Look through our family pictures for the last two decades, and you will likely see that ring on my hand in most of them. I have other rings, prettier, daintier rings, of course; beautiful, delicate confections that my husband has lovingly chosen for me. When I dress up for date night or a wedding or what have you, I choose one of those, and my mother’s ring stays at home on my ring stand.  But still, most ordinary days, my mother’s big, solid, chunky peace symbol winds up on my finger. Its weight grounds me somehow; the knowledge that she walked this earth with it wrapped around her own finger makes me feel she is nearby, no matter where I am. Wearing it brings me peace and comfort and often, fortitude, in difficult situations.

I wish I’d had a camera with me last week, when we traveled to the Virgin Islands on spring break with our kids. As I always do, I wore my mother’s ring during the flights, which are difficult for me, and though I wasn’t planning on doing so, I slipped the ring on as we left to go snorkeling for the first time.

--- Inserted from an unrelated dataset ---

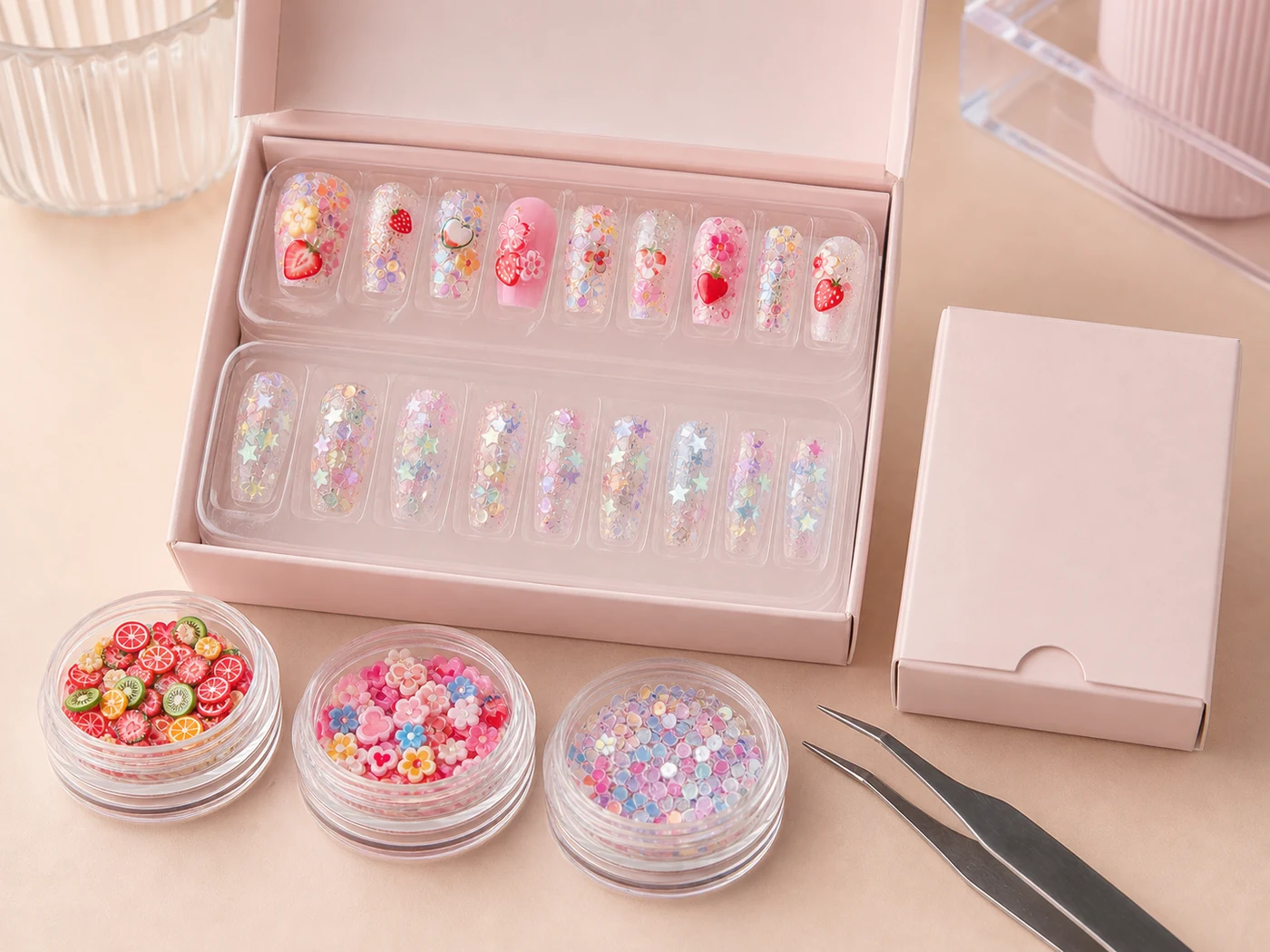 Two completed press-on nail art sets in retail trays with matching mini slices and sequins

I was terrified. Something about no bottom I could touch with my feet, no poolside I could grab with my hands, filled me with silly horror. But my youngest son wanted to swim with the sea turtles, so there I was, taking a catamaran to Turtle Cove, quaking in my life vest and flippers. I rubbed my mother’s ring repeatedly, looking for calm and trying not to cry as I climbed down the ladder. I so wanted to do this for my two sons and my husband, to not let being afraid stop me from living.

Credit: https://www.emaze.com/@ACWZWWRO/Presentation-Name

After a few minutes in the water (and with the help of a pink pool noodle one of our guides tossed me), I began to relax. Then came the moment when our guide told us to look down, there were turtles right below us. I stuck my face in the water and searched all around beneath me—there. There they were. Two enormous turtles, gliding ever so slowly across the bottom. As I waved my hands gently in front of me to keep myself from drifting away from them, a flash of silvery light caught my eye. It was my mother’s ring.

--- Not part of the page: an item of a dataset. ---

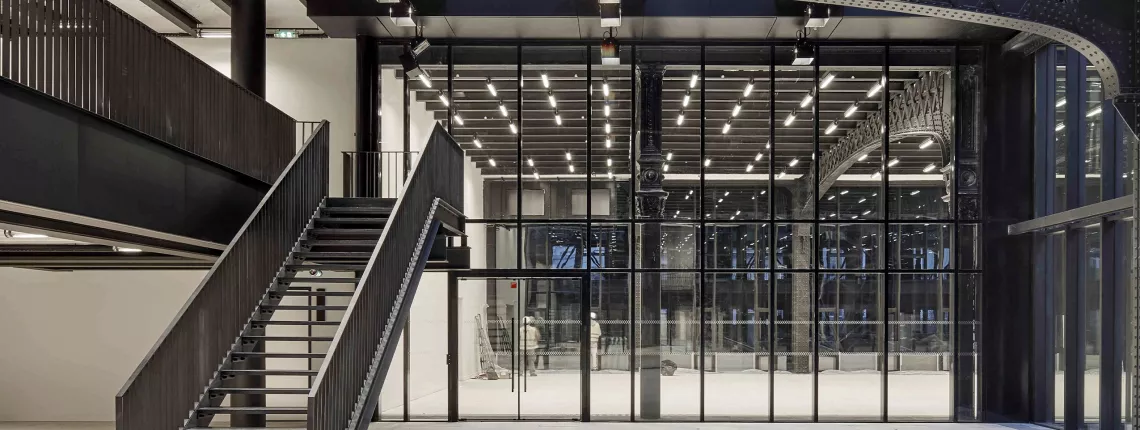 Modern architectural interior with fire rated glass partitions and metal staircase.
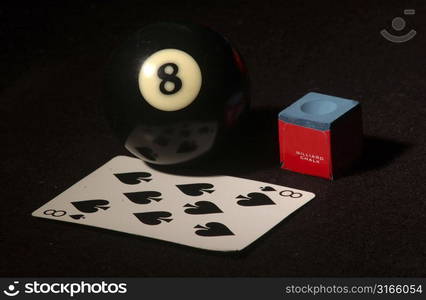 Close-up of an eight ball with cue chalk and a playing card on a pool table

I remembered, then, how when my siblings and I were kids, she had told us she’d always wanted to be a marine biologist (she became an English teacher instead, better with words than with math). I remembered, also, taking her to the dolphin show at the zoo the summer before she died, and how tightly she’d gripped my hand when the dolphin leaped above the water’s surface. I remembered her trembling at their power and beauty, remember how her eyes shone as she looked at me and squeezed my hand even tighter.

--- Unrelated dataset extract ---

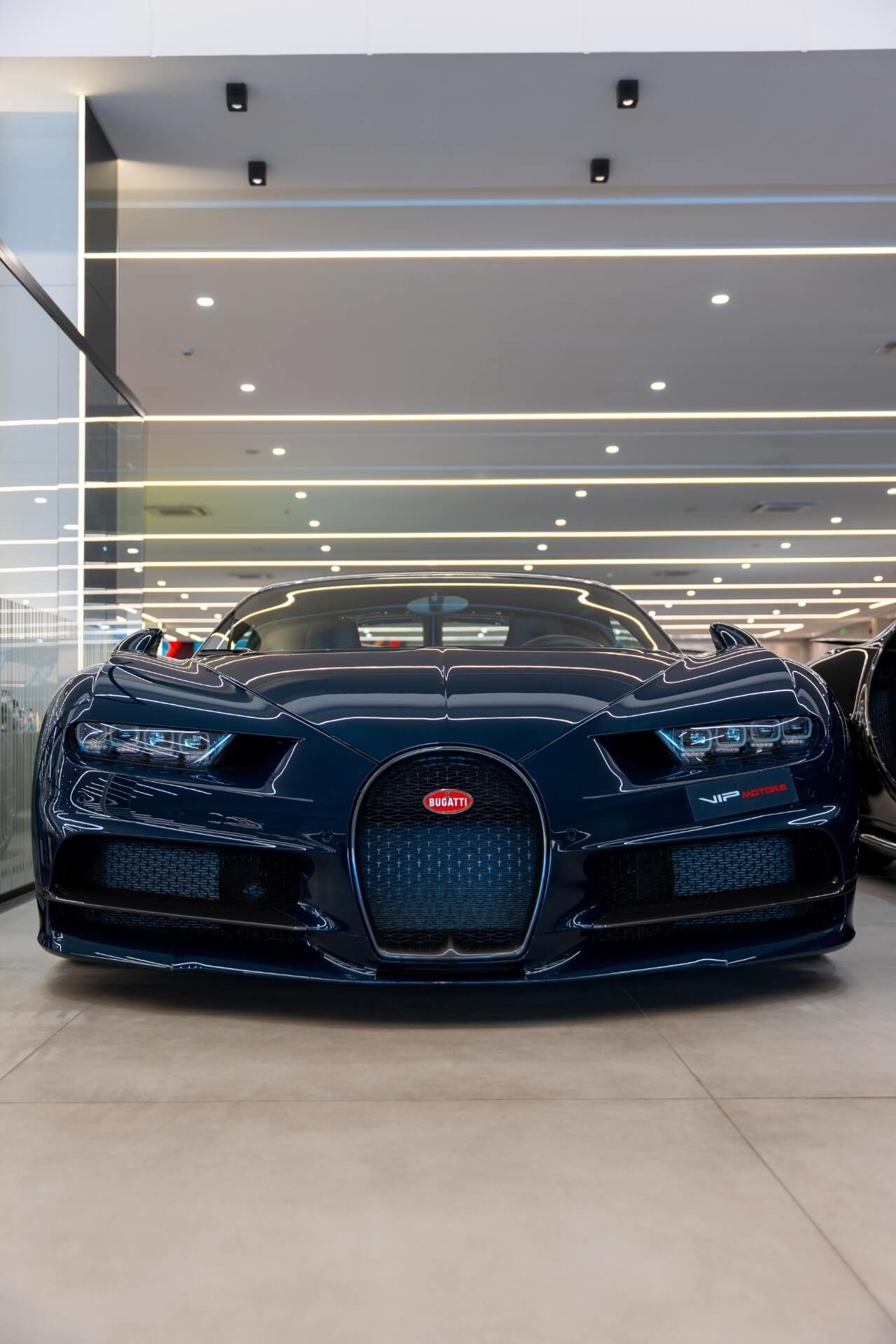 Dark blue Bugatti Chiron front view at VIP Motors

She would’ve loved this, I thought as I floated above the turtles. How I wish she could be here.

Then I remembered—she was.

I looked down at the turtles beneath me and went completely still. I moved my hand, moved my mother’s ring, before my face, so that it looked as if my hand were touching the turtles’ shells, as if, linked by her silvery ring, our hands, together, were gliding across their backs.

As I write this now, the only piece of jewelry I’m wearing is her ring. When I hit the Enter key or move the mouse, the ring glints in the morning light coming through my office window.

Notice my ring. Yes, it’s a peace symbol, a call sign for hippies, peaceniks, and snowflakes alike. Yes, it’s big and it’s clunky, not delicate or expensive or particularly feminine. But for me, wearing my mother’s ring has never been about what’s on the outside—it’s always been about all that it has held inside.